WHAT ARE THE CAUSES OF PSYCHOSIS?
Psychotic disorders including schizophrenia and bipolar disorder are potentially severe conditions affecting about 3% of the population, and constitute a major economic challenge throughout the world. A range of effective antipsychotic medications and psychological therapies are available, but about one in every three patients do not benefit from them. Antipsychotics can cause a range of common and serious side effects such as sleepiness, shaking, sexual dysfunction, obesity and diabetes.

Psychotic disorders emerge because of environmental as well as genetic factors. Established environmental risks include pregnancy and birth complications affecting a baby's brain development, the use of cannabis (especially if starting young), migration, growing up in a city and other factors. However, psychosis also runs in families and genetic factors (we will refer to them as "genetic variants") are important. There are many genetic variants, which are common in the population, but only convey small increases in risk for the disease. We know there are also a few genetic variants that are very rare (found only in 1 or 2 of every 1000 people), but when present, the risk of developing schizophrenia is increased between two and thirty-fold. Some of these rare genetic variants also increase the risk for learning disabilities, autism, epilepsy and a range of physical health problems. These rare genetic variants constitute the strongest known risk factors for schizophrenia and are the focus of this project.

STUDY OBJECTIVES
1. Investigate the influence that these rare high-risk genetic variants have on brain function and structure.
2. Understand why some carriers of the same high-risk variant develop different neurological or mental disorders and why some carriers remain well. Explore how other genetic as well as environmental factors modulate the impact of the high-risk variants: Can any of them reduce risks?
3. Investigate genetic and environmental influences on response to antipsychotic medications.
4. Combine or compare data from ALSPAC with our study at University College London (UCL).

HOW WILL WE DO THE RESEARCH?
We will analyse a large sample of volunteers who participated in our study in UCL including people with schizophrenia, bipolar or other psychotic disorders and controls without these conditions. More than 14,000 participants have already had their DNA examined with the latest genetic technology. Many study participants have completed brain scans, electroencephalograms (EEG tests similar to those used in epilepsy), cognitive and clinical assessments. To our knowledge, this is one of the largest and most thoroughly characterised studies of biomarkers and genetics of psychosis.

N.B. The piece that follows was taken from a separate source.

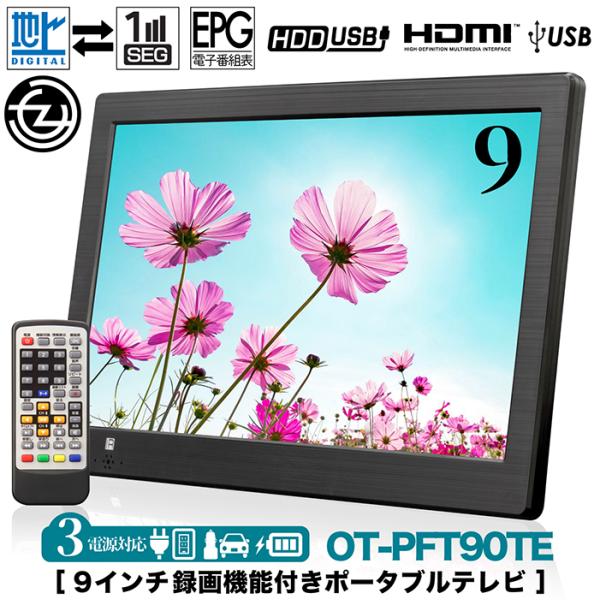 tachibana-youhinten_f-ot-tv09ak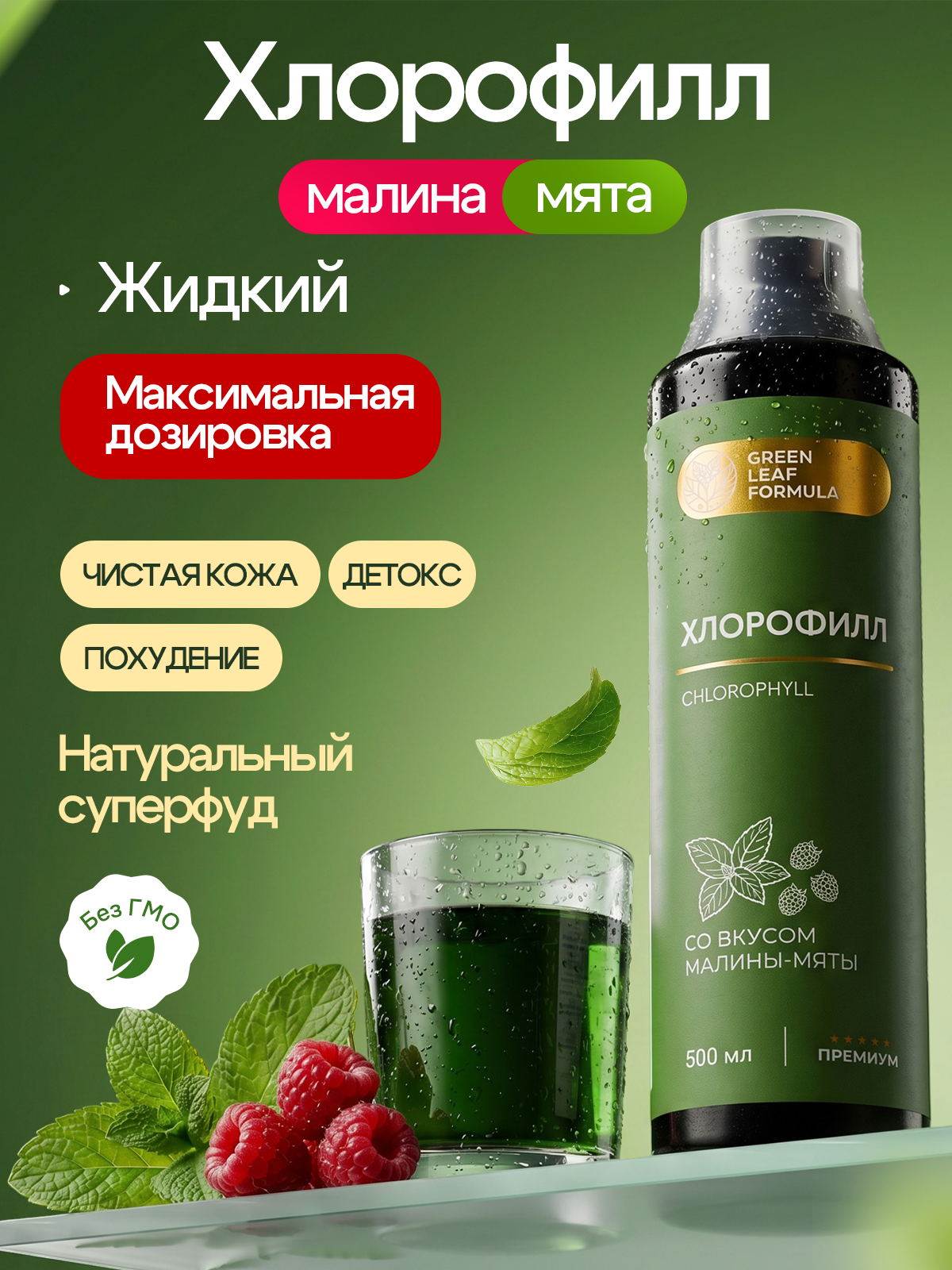 Хлорофилл жидкий пищевой малина-мята Green Leaf Formula детокс для очищения и похудения от отеков для кишечника и чистой кожи - фото 1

The ALSPAC project is similar to our study in London. Because some of the genetic variants we are investigating are very uncommon, it is best to combine the two studies and analyse them together. Where the genetic variants and traits are common and we have large samples already, then we will compare the findings from our study and from ALSPAC. This approach (combine or compare information) enhances the accuracy of the research.

WHY IS THIS IMPORTANT?
This project will offer new insights into how genetic variants predisposing to schizophrenia can influence brain anatomy, physiology and cognitive abilities. A better understanding of the genetics of psychosis will provide leads for the development of new medications and psychological interventions. Genetic advances will also help to identify people at high risk of developing psychosis who will benefit from earlier access to treatments, leading to a better recovery.